TO DO: What do the lines from the top of the data through the line with "Lancôme 5-Pc. Summer" say? Quote them exactly and include both ends.

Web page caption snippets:
----

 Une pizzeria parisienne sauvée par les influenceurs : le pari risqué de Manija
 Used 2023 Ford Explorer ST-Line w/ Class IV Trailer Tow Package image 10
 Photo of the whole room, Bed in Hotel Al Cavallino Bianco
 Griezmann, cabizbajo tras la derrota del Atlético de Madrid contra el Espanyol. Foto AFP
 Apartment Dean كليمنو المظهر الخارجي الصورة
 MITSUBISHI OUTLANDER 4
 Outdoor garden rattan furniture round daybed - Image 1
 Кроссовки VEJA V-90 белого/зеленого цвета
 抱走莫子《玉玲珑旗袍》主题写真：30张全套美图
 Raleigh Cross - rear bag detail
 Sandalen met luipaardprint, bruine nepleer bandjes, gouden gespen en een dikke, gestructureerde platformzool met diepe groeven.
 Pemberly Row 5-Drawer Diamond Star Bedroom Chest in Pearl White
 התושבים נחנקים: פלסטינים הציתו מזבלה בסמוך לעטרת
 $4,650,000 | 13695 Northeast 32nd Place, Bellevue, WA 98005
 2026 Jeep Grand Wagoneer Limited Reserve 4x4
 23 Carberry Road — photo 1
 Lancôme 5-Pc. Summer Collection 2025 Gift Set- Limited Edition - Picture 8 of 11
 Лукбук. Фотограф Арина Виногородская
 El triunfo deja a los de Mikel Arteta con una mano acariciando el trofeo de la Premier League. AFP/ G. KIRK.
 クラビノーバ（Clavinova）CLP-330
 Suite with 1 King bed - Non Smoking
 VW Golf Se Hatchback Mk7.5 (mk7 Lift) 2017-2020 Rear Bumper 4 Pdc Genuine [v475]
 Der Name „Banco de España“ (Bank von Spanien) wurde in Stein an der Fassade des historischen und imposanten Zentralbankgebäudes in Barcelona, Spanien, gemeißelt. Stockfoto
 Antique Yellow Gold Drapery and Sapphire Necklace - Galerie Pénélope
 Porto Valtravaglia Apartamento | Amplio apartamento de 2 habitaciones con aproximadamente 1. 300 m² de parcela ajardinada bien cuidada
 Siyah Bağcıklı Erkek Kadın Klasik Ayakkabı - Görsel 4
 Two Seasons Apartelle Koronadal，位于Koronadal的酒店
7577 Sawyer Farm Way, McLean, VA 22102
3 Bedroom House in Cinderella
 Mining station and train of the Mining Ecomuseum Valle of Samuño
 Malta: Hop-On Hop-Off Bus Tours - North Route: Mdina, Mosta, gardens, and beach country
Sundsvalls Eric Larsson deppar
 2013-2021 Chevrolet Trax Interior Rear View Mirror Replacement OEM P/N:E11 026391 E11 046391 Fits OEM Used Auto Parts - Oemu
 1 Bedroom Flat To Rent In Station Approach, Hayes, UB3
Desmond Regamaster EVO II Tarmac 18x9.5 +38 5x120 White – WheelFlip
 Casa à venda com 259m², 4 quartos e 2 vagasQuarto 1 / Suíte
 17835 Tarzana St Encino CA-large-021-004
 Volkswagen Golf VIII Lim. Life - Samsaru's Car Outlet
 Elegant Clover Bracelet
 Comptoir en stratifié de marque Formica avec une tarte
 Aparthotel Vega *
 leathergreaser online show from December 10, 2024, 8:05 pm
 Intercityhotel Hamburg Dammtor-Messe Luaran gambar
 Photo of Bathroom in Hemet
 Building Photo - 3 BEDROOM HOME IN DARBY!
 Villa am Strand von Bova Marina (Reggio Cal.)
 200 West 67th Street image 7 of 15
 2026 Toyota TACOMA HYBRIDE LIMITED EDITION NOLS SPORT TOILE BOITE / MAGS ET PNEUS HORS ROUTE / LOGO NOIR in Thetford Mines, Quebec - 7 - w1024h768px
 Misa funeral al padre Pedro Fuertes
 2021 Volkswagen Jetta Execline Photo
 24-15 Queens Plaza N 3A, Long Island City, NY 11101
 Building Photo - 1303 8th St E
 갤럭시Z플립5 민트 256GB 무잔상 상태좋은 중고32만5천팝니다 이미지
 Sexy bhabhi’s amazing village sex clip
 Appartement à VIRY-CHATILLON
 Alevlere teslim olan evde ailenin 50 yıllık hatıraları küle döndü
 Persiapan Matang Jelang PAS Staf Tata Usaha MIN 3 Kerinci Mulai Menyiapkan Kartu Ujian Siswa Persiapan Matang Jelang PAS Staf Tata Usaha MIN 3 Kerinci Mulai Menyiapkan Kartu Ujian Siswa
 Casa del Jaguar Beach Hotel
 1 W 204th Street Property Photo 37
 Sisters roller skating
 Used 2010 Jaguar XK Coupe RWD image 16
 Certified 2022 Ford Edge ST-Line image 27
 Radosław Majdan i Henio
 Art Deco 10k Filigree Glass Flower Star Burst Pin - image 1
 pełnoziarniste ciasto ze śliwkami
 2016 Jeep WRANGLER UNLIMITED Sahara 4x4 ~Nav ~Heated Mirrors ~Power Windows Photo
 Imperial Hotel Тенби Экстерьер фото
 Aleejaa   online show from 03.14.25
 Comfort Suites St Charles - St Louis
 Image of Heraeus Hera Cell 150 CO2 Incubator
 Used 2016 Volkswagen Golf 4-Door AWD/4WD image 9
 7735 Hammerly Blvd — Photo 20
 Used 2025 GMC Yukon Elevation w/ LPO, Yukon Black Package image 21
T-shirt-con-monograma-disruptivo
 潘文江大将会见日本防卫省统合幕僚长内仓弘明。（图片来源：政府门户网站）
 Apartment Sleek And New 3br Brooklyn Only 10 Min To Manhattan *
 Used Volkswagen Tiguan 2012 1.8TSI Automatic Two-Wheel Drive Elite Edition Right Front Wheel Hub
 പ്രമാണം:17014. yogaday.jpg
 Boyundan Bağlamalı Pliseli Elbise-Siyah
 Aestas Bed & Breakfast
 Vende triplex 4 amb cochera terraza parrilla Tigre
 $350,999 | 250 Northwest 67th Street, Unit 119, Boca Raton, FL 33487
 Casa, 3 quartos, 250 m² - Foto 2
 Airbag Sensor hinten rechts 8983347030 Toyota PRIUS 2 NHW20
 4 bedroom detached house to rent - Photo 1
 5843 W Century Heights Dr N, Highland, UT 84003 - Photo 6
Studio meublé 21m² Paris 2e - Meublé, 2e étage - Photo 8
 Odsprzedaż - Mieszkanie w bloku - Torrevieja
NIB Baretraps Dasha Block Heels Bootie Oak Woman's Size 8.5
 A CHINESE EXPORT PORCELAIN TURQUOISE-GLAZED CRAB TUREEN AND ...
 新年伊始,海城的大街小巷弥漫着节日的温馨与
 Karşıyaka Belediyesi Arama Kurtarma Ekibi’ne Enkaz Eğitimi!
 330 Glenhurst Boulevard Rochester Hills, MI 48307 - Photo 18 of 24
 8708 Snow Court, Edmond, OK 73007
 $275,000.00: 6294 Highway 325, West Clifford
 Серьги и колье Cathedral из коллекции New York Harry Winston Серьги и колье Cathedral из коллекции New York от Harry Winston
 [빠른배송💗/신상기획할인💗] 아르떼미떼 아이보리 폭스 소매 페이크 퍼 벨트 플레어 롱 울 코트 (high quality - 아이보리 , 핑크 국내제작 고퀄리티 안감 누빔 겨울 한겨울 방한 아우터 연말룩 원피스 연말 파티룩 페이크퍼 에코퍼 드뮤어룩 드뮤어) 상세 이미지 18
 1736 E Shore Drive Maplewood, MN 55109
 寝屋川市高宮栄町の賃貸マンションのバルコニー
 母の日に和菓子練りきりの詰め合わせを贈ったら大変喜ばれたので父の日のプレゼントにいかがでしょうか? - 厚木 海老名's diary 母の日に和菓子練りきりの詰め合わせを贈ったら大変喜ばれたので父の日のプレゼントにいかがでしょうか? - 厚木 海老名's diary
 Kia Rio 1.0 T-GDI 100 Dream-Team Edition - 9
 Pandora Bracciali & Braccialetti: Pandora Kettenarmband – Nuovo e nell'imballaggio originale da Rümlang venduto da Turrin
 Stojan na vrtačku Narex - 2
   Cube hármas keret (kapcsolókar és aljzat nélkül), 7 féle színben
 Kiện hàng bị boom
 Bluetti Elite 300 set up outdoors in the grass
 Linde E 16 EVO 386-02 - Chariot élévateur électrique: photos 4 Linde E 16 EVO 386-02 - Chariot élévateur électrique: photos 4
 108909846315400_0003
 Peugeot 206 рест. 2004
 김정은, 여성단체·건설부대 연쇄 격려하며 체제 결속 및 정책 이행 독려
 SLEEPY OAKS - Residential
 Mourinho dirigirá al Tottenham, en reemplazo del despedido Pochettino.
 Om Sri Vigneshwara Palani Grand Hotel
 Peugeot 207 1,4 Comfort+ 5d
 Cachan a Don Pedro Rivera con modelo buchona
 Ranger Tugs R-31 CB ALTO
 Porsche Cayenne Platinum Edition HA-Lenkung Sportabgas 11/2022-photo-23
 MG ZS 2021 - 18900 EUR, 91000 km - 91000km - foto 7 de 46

----

ANSWER TO THE PROBLEM:
 Une pizzeria parisienne sauvée par les influenceurs : le pari risqué de Manija
 Used 2023 Ford Explorer ST-Line w/ Class IV Trailer Tow Package image 10
 Photo of the whole room, Bed in Hotel Al Cavallino Bianco
 Griezmann, cabizbajo tras la derrota del Atlético de Madrid contra el Espanyol. Foto AFP
 Apartment Dean كليمنو المظهر الخارجي الصورة
 MITSUBISHI OUTLANDER 4
 Outdoor garden rattan furniture round daybed - Image 1
 Кроссовки VEJA V-90 белого/зеленого цвета
 抱走莫子《玉玲珑旗袍》主题写真：30张全套美图
 Raleigh Cross - rear bag detail
 Sandalen met luipaardprint, bruine nepleer bandjes, gouden gespen en een dikke, gestructureerde platformzool met diepe groeven.
 Pemberly Row 5-Drawer Diamond Star Bedroom Chest in Pearl White
 התושבים נחנקים: פלסטינים הציתו מזבלה בסמוך לעטרת
 $4,650,000 | 13695 Northeast 32nd Place, Bellevue, WA 98005
 2026 Jeep Grand Wagoneer Limited Reserve 4x4
 23 Carberry Road — photo 1
 Lancôme 5-Pc. Summer Collection 2025 Gift Set- Limited Edition - Picture 8 of 11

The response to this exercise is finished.